Authors: Tim Lange & Professor Andrew Stewart
On 21 August 2019, the Full Court of the Federal Court handed down a decision clarifying that personal leave under the NES is calculated in units of days and part-days (not hours).
Tim Lange, Partner, Professor Andrew Stewart, Consultant, and Mark Caile, Lawyer, review the decision and the implications for employers.
The decision of the Full Court of the Federal Court in Mondelez v AMWU [2019] FCAFC 138 has (for now) resolved a persistent debate about how personal leave ( or “personal/carer’s leave” as it is more formally known is to be calculated under the National Employment Standards (NES). The ruling also has significant implications for the calculation of an entitlement to annual leave under the NES.
Legislative framework
Section 96(1) of the Fair Work Act 2009 (Cth) (FW Act) states that “an employee is entitled to 10 days of paid personal/carer’s leave” for each year of service with his/her employer. However, the FW Act does not define a “day” for this purpose. Further complexity is created by inconsistent provisions within the FW Act. For example, s 96(2) states, “paid personal/carer’s leave accrues progressively during a year of service according to the employee’s ordinary hours of work”.
Section 99 also states that if an employee takes a period of paid personal leave, the employee must be paid at their base rate of pay for their “ordinary hours of work in the period”.

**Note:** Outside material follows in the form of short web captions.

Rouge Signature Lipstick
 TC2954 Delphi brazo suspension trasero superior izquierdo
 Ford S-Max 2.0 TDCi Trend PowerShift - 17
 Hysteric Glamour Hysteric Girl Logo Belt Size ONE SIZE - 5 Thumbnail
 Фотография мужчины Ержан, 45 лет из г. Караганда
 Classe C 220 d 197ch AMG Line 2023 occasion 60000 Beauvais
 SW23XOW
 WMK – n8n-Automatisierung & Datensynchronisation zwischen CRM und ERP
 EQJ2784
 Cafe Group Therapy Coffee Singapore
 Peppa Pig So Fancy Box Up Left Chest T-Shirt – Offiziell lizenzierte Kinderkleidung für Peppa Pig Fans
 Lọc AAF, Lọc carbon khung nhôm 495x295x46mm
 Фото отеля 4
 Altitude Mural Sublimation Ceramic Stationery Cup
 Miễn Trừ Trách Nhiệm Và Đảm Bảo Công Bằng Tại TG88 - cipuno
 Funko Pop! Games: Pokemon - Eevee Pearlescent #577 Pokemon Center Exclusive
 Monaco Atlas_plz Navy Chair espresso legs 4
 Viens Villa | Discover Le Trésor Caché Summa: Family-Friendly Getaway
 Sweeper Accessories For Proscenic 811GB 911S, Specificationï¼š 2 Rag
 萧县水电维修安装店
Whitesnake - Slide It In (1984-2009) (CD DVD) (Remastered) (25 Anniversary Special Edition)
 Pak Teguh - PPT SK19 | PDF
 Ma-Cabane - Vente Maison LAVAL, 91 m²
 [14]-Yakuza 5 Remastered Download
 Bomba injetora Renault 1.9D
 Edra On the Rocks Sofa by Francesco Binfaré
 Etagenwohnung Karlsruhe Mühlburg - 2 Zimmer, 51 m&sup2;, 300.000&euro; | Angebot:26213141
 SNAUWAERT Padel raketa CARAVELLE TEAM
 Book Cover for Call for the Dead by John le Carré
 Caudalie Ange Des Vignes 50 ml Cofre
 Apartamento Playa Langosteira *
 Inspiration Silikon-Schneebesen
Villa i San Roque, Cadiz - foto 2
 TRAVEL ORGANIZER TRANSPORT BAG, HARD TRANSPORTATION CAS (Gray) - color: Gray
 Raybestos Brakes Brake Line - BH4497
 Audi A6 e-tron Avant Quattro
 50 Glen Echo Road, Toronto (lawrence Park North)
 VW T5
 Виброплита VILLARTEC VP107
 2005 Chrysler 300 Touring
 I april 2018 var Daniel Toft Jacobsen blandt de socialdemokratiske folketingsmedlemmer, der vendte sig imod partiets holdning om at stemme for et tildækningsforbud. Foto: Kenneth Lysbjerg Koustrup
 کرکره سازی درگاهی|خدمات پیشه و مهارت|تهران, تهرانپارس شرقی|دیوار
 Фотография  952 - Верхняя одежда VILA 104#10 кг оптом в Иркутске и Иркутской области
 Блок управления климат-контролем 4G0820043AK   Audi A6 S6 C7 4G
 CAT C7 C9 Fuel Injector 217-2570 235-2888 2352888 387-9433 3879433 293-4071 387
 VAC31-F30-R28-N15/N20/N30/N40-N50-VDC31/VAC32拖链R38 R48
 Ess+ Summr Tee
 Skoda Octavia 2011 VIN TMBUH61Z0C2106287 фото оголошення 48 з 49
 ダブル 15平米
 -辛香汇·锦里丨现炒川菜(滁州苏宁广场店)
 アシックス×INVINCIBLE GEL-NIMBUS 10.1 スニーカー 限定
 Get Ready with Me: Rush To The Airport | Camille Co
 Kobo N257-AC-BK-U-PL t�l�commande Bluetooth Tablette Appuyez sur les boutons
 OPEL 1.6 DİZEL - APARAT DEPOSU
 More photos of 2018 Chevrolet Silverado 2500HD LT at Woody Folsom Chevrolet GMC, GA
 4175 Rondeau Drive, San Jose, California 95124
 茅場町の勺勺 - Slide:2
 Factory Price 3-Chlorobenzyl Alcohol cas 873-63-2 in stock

Under the previous Workplace Relations Act 1996 (WR Act), an employee accrued personal leave at the rate of 1/26th of nominal hours worked in a year (equating to two weeks of personal/carer’s leave per annum for a full-time employee).
The dispute in Mondelez
In October 2017, the food manufacturer Mondelez applied to the Fair Work Commission (FWC) for approval of an enterprise agreement which stated that employees accrued up to 96 hours’ paid personal leave per annum if they were employees who worked 12-hour shifts. The Agreement provided for employees who did not work 12-hour shifts to accrue 80 hours of paid personal leave per year. The FWC queried whether or not these accrual rates satisfied the NES for employees who worked 12-hour shifts, as part of a working week comprising 36 ordinary hours. Mondelez argued that an accrual rate of 96 hours per year exceeded the NES entitlement to “10 days” for employees who worked 12-hour shifts, because for workers on a 36-hour week, “10 days” in the NES should be read as meaning 10 periods of 7.2 hours each, or 72 hours of leave per year.